**Dataset excerpt**:
........

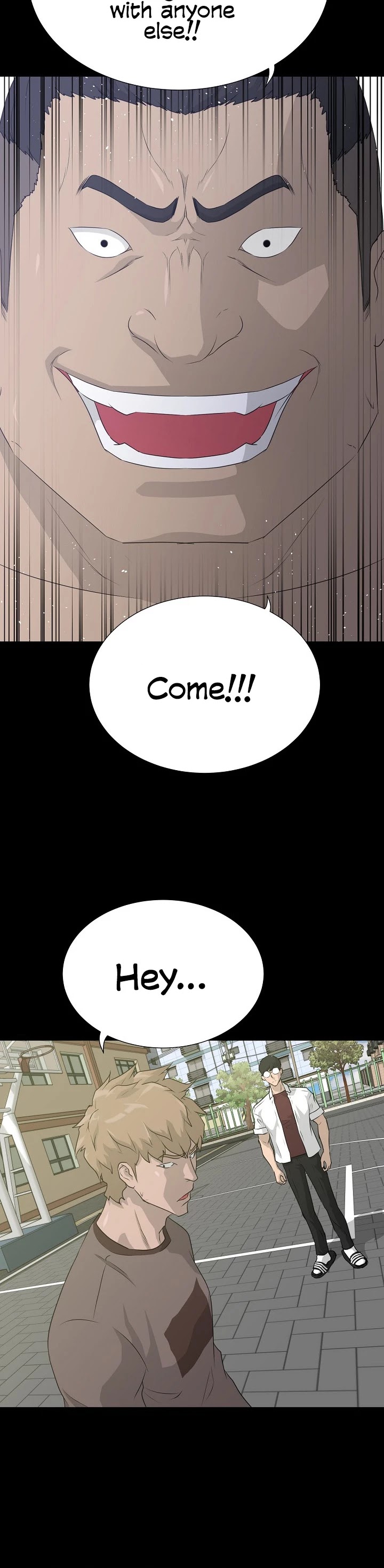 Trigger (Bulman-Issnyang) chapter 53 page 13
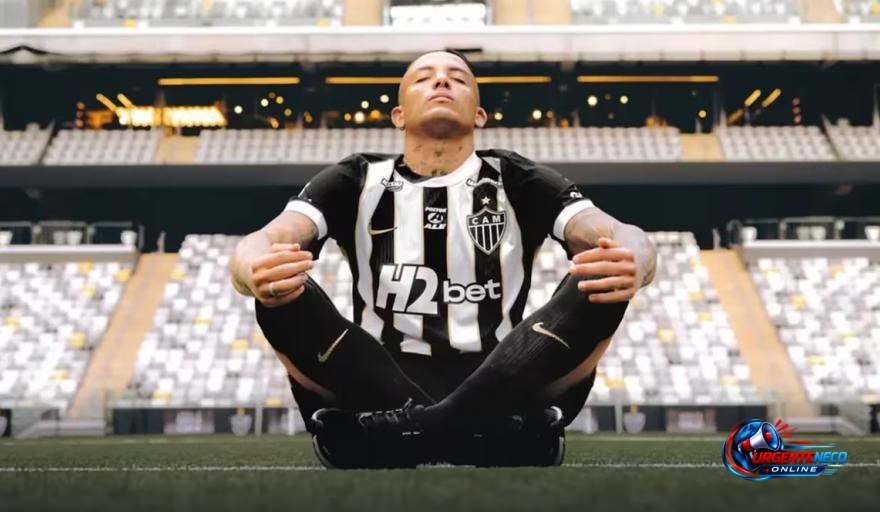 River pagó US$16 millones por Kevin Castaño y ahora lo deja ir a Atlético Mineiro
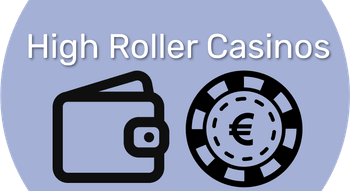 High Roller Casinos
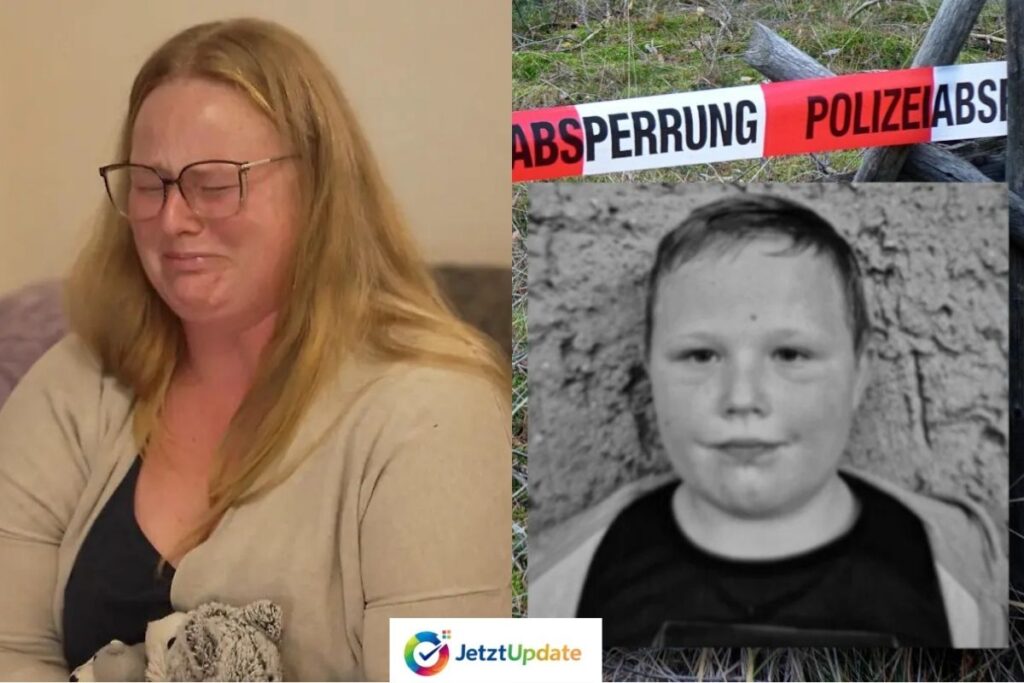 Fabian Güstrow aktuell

........

**Work order**: Restate every line above word for word. Do not carry over the images.

**Written solution**:
 Trigger (Bulman-Issnyang) chapter 53 page 13
 River pagó US$16 millones por Kevin Castaño y ahora lo deja ir a Atlético Mineiro
 High Roller Casinos
 Fabian Güstrow aktuell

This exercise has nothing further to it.